A Trefoil factor 3-Lingo2 axis restrains proliferative expansion of type-1 T helper cells during GI nematode infection

Host defense at the mucosal interface requires collaborative interactions between diverse cell lineages. Epithelial cells damaged by microbial invaders release reparative proteins such as the Trefoil factor family (TFF) peptides that functionally restore barrier integrity. However, whether TFF peptides and their receptors also serve instructive roles for immune cell function during infection is incompletely understood.
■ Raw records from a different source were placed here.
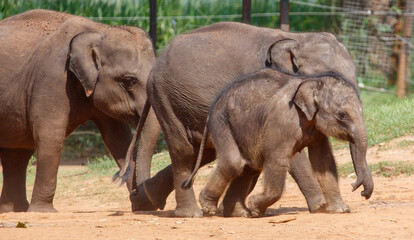 Fototapeta premium Three elephants walking in a dirt field
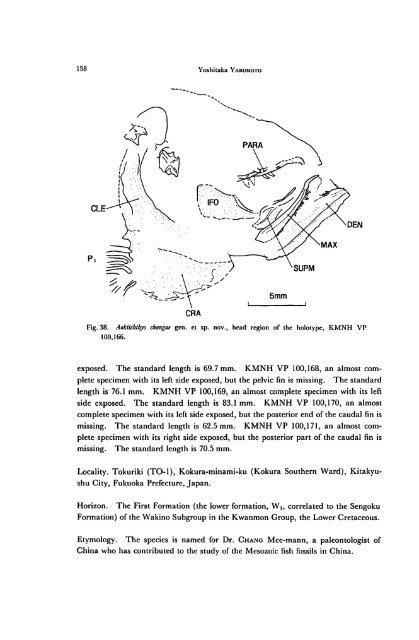 Early Cretaceous Freshwater Fish Fauna in Kyushu, Japan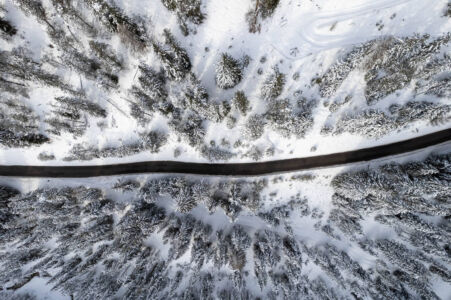 alberi dall alto sulla neve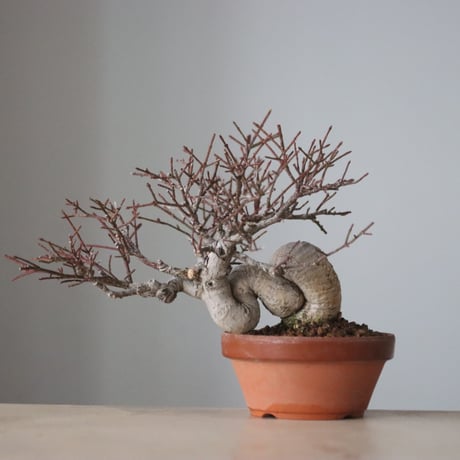 真弓 / YOSHIZAWA3-SHOHINBONSAI (4号鉢)   no.330/11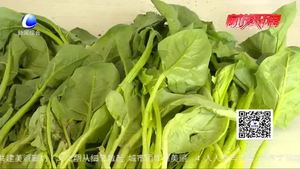 食在好源頭——菠菜的營養(yǎng)價(jià)值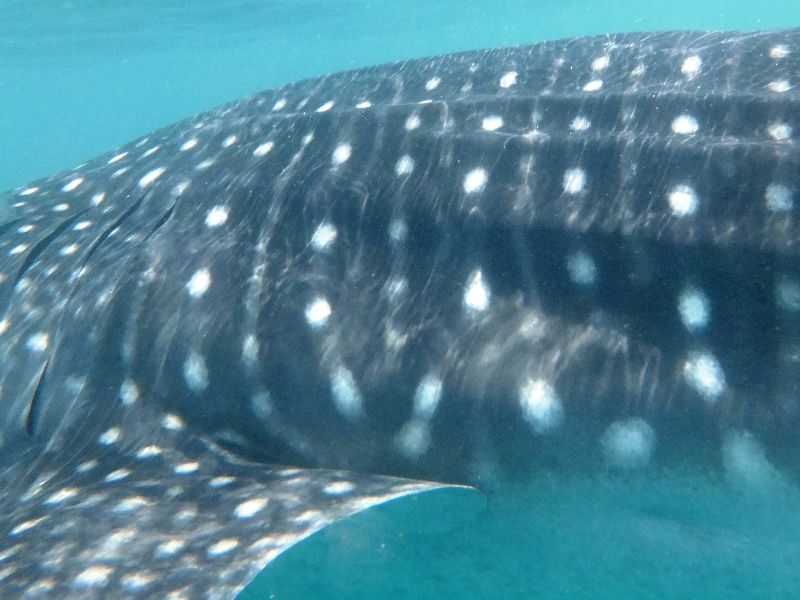 80060728-25cc-4186-a687-493d30c96411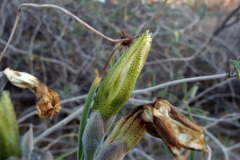 Flower bud; Photo credit: Sue Carnahan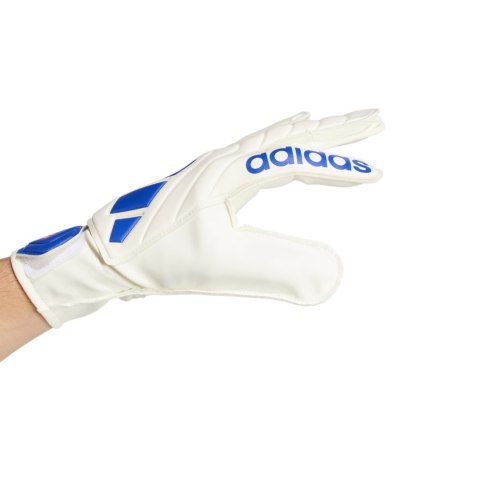 Rękawice bramkarskie adidas Copa Club Goalkeeper biało-niebieskie IX3835 Rękawice bramkarskie adidas Copa Club Goalkeeper biało-niebieskie IX3835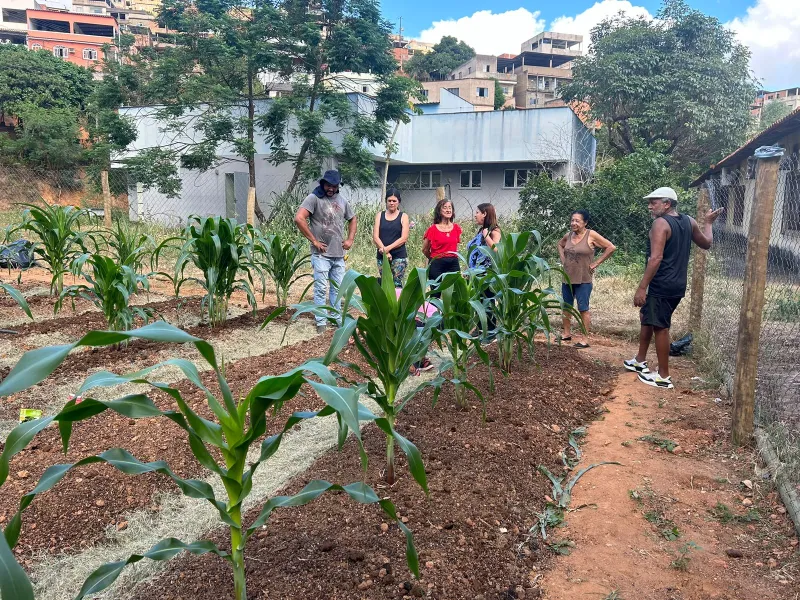 Horta comunitária transforma vidas e promove saúde em Vila Real, Colatina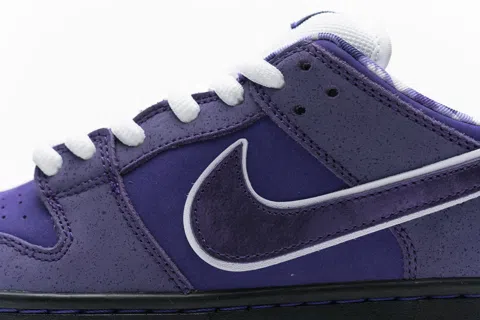 Nike SB Dunk Low Purple – photo 10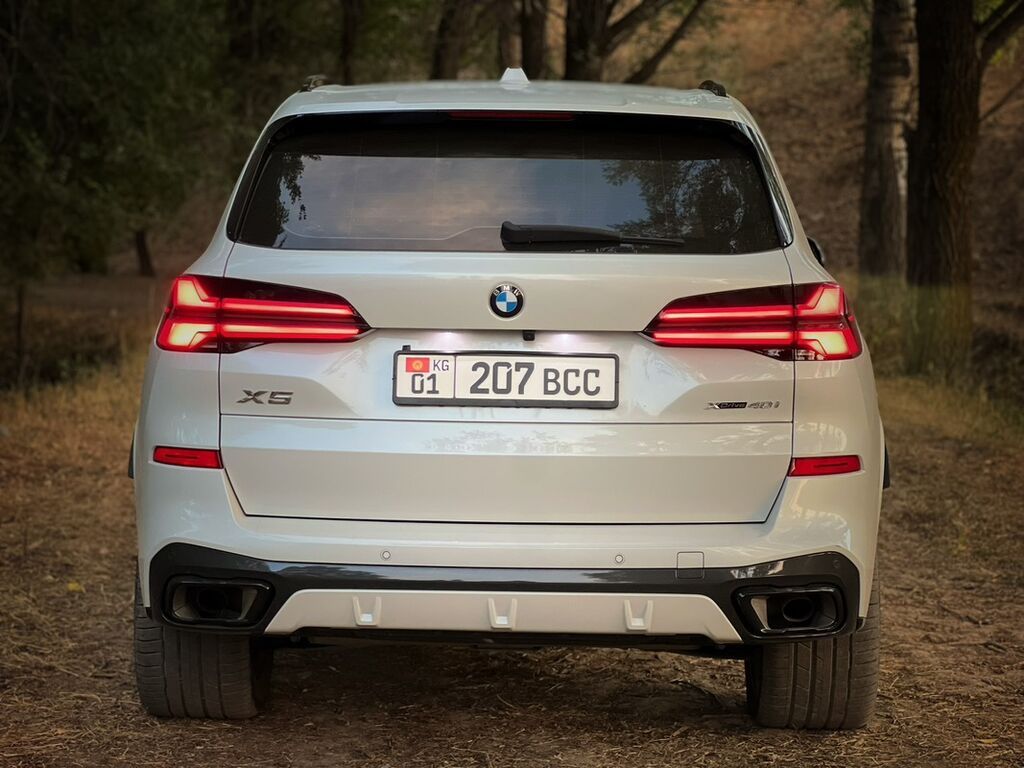 BMW X5: 2023 г., 3 л, Автомат, Бензин, Внедорожник: фото 4
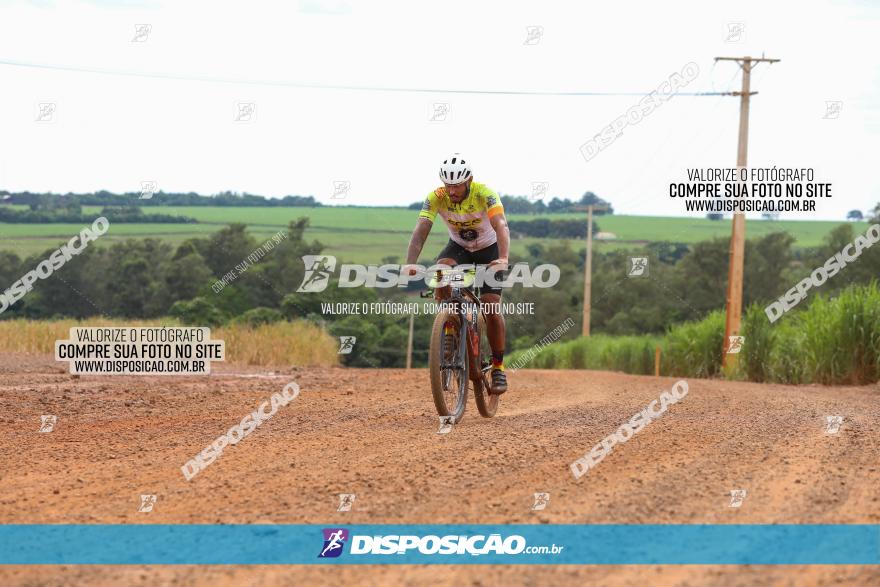 1ª EDIÇÃO DESAFIO ABELHA GRANDE - XCM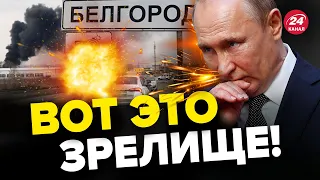 🔥ПЬЯНЫХ: Кремль ШОКИРОВАН! С Белгорода ДРАПАЮТ чиновники?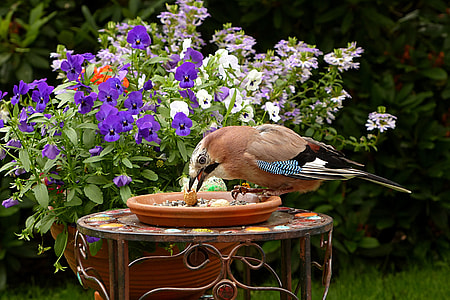 brown and multicolored bird standing on brown metal table near flowers thumbnail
Here, we demonstrate that the intestinal trefoil factor, TFF3, restrains (T cell helper) T_H1 cell proliferation and promotes host-protective type 2 immunity against the gastrointestinal parasitic nematode Trichuris muris. Accordingly, T cell-specific deletion of the TFF3 receptor, leucine-rich repeat and immunoglobulin containing nogo receptor 2 (LINGO2), impairs T_H2 cell commitment, allows proliferative expansion of interferon (IFN)g⁺ cluster of differentiation (CD)4⁺ T_H1 cells and blocks normal worm expulsion through an IFNg-dependent mechanism. This study indicates that TFF3, in addition to its known tissue reparative functions, drives anti-helminth immunity by controlling the balance between T_H1/T_H2 subsets.